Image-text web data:

Content starts

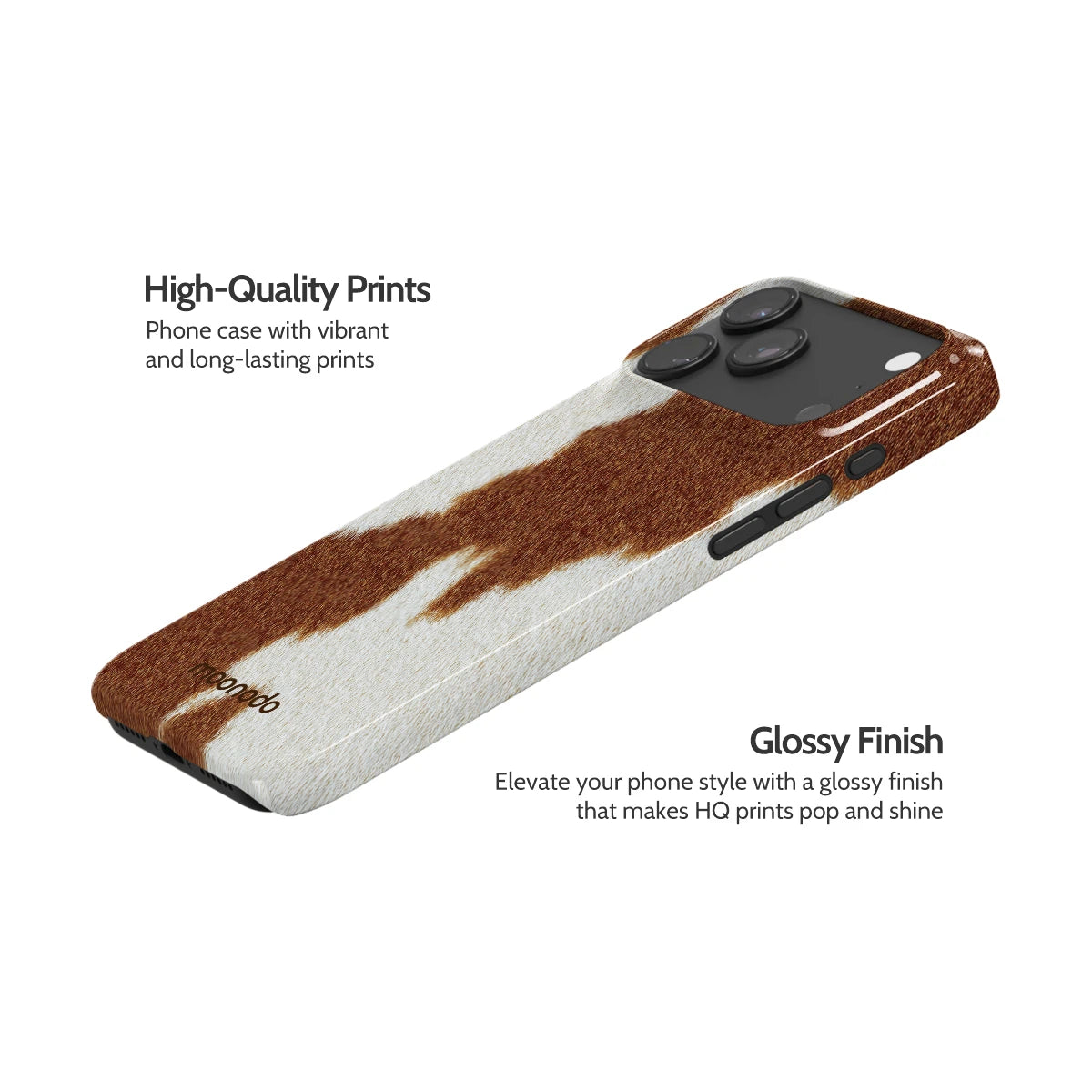 Mocha Moo - iPhone 17 Pro Max Case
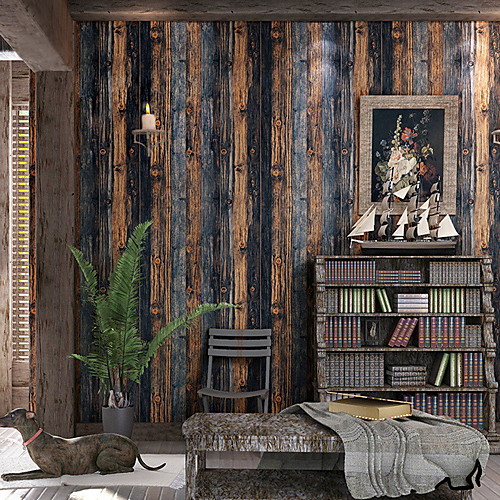 Wood Wallpaper Peel and Stick Wallpaper Prepasted or Adhesive Shelf Paper Vintage Multicolored Shiplap Panel 100053 cm
Wood Wallpaper Peel and Stick Wallpaper Prepasted or Adhesive Shelf Paper Vintage Multicolored Shiplap Panel 100053 cm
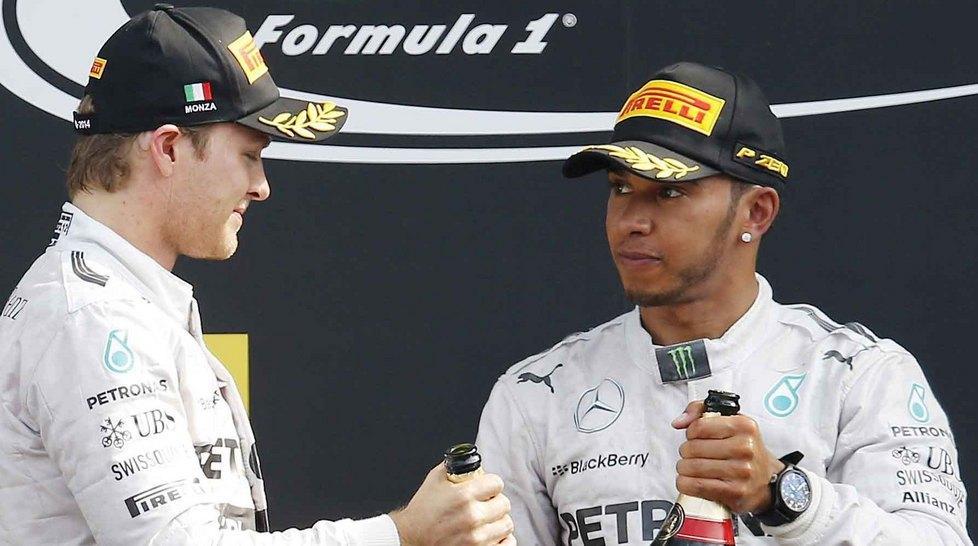 Hamilton e Rosberg continuano a ignorarsi 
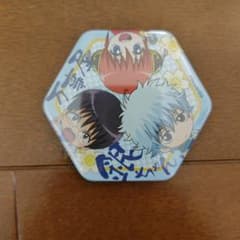 銀魂 六角形 万事屋 缶バッジ ヘキサゴン 銀時 新八 神楽 - メルカリ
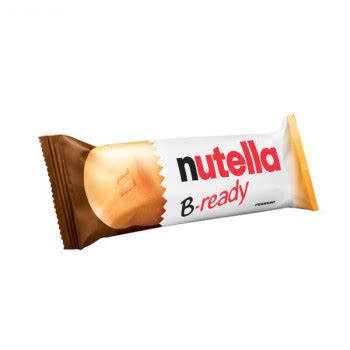 Nutella B Ready Wafer Recheado Uni G Aqui No Extrabom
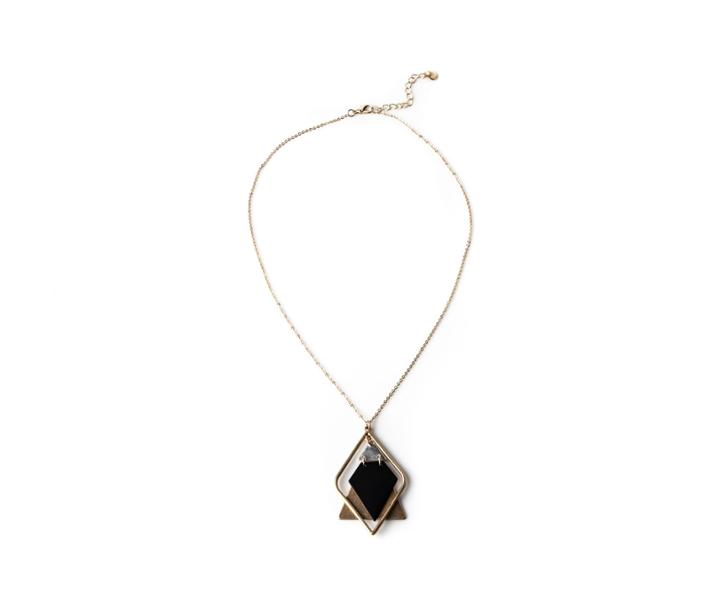 Oasis Geometric Pendant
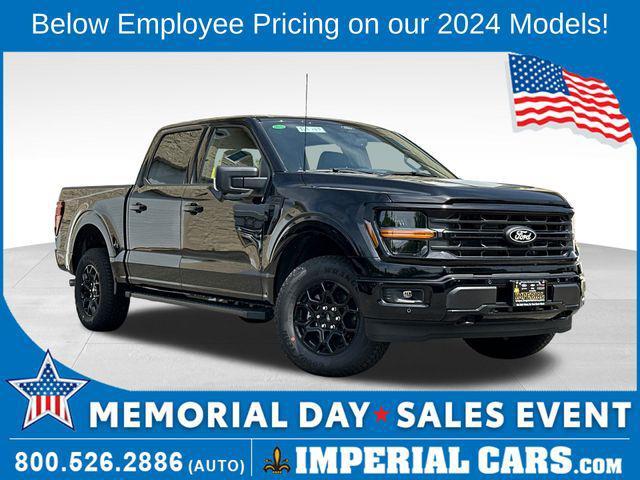 new 2025 Ford F-150 car, priced at $56,076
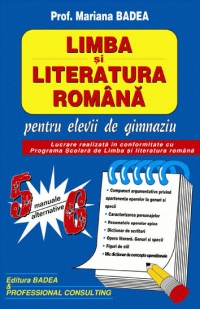 Limba si literatura romana pentru elevii de gimnaziu (clasele V - VI)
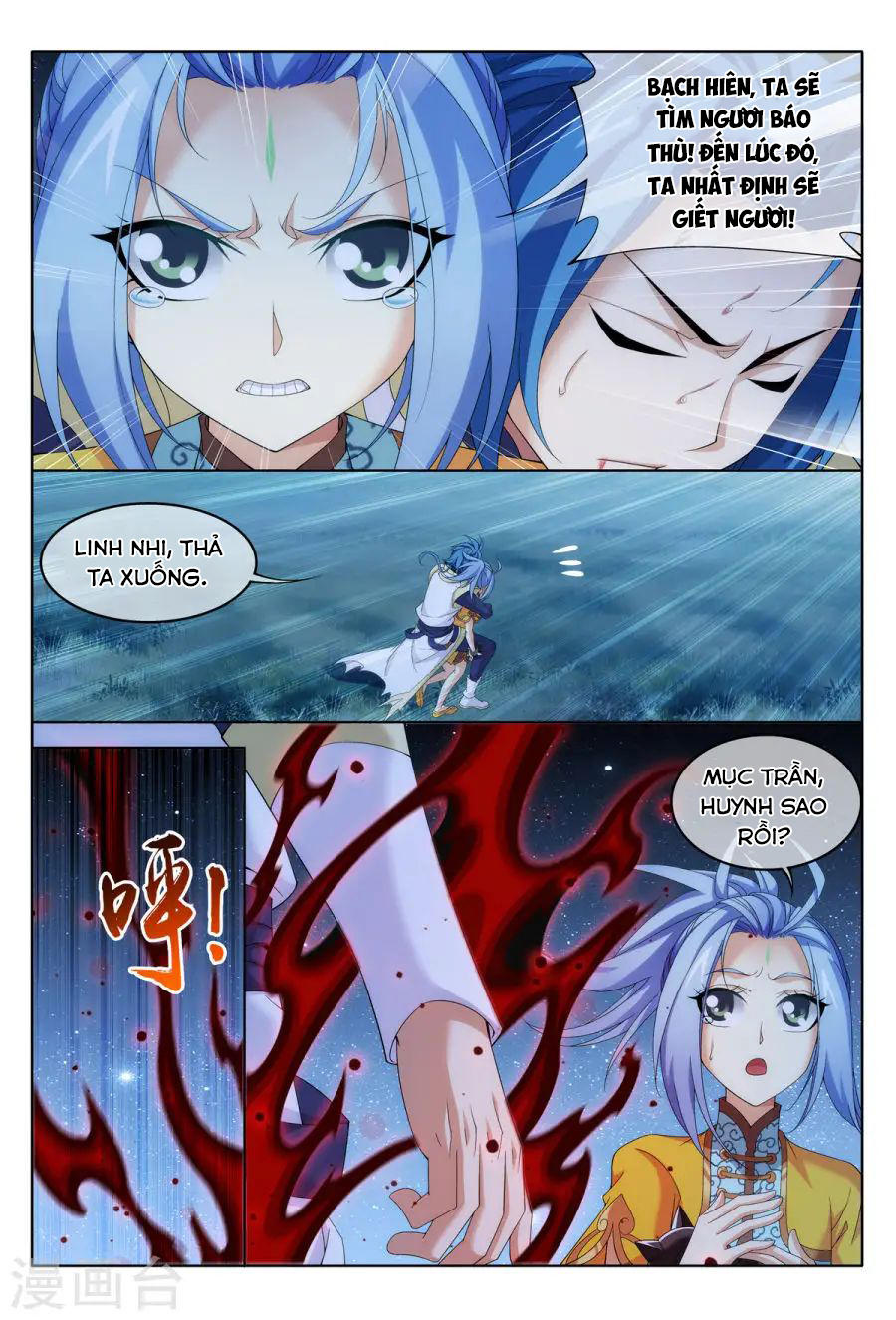 Đại Chúa Tể Chap 114 - Next Chap 115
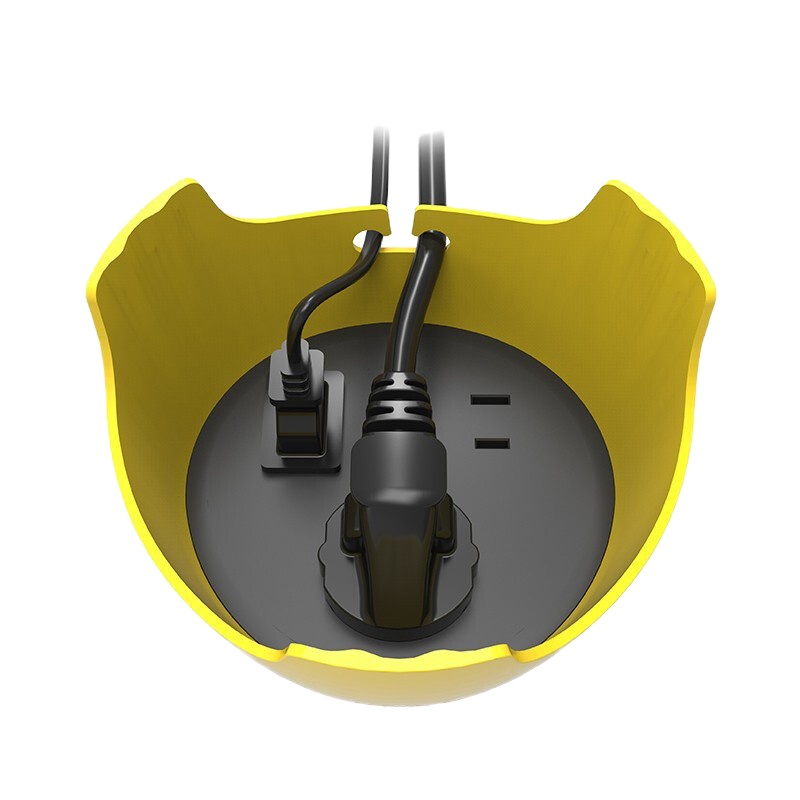 公牛电动车充电延长线插排户外防雨淋防水插座(C3210) 10米(适合1-3楼使用)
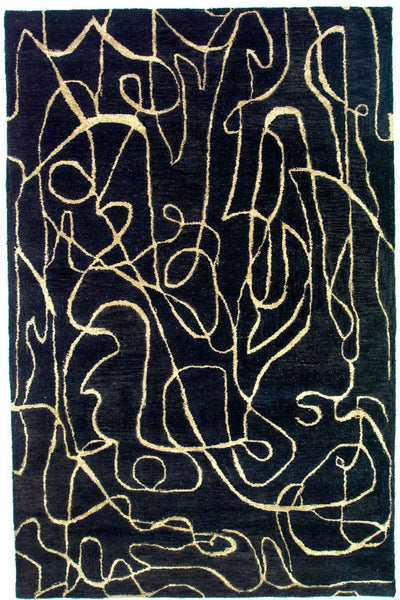 Designer tapijt 154x243cm - Designerteppich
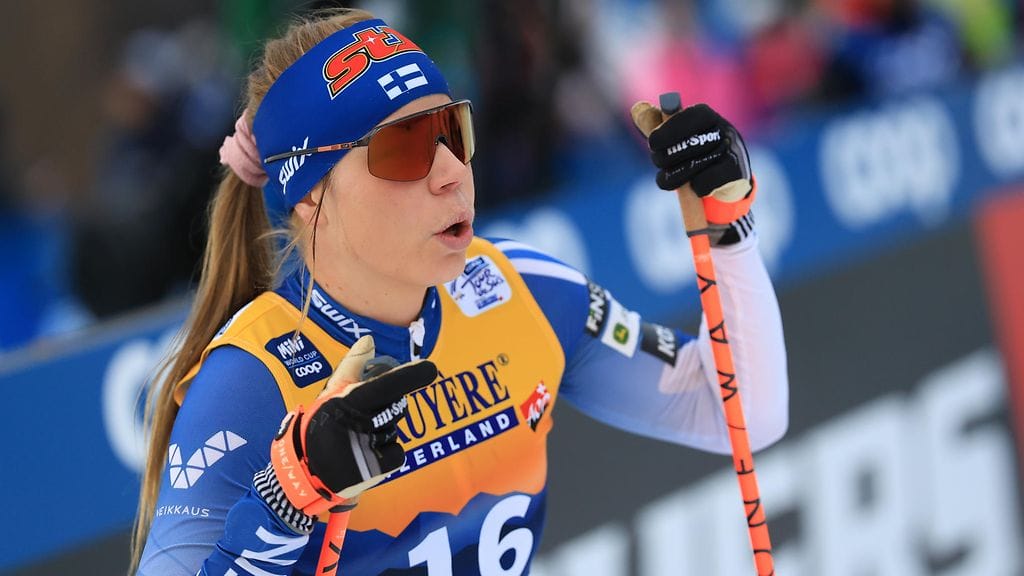 Jasmi Joensuu on Suomen kovimpia mitalitoivoja MM-kisoissa.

Content ends

◆ About this exercise: Print exactly the lines between the line containing "銀魂 六角形 万事屋 缶バッジ ヘキサゴン 銀時 新八 神楽 - メルカリ" and the last line of the entries above, including both, and nothing besides; skip the pictures.

◆ Answer to the problem:
 銀魂 六角形 万事屋 缶バッジ ヘキサゴン 銀時 新八 神楽 - メルカリ
 Nutella B Ready Wafer Recheado Uni G Aqui No Extrabom
 Oasis Geometric Pendant
 new 2025 Ford F-150 car, priced at $56,076
 Limba si literatura romana pentru elevii de gimnaziu (clasele V - VI)
 Đại Chúa Tể Chap 114 - Next Chap 115
 公牛电动车充电延长线插排户外防雨淋防水插座(C3210) 10米(适合1-3楼使用)
 Designer tapijt 154x243cm - Designerteppich
 Jasmi Joensuu on Suomen kovimpia mitalitoivoja MM-kisoissa.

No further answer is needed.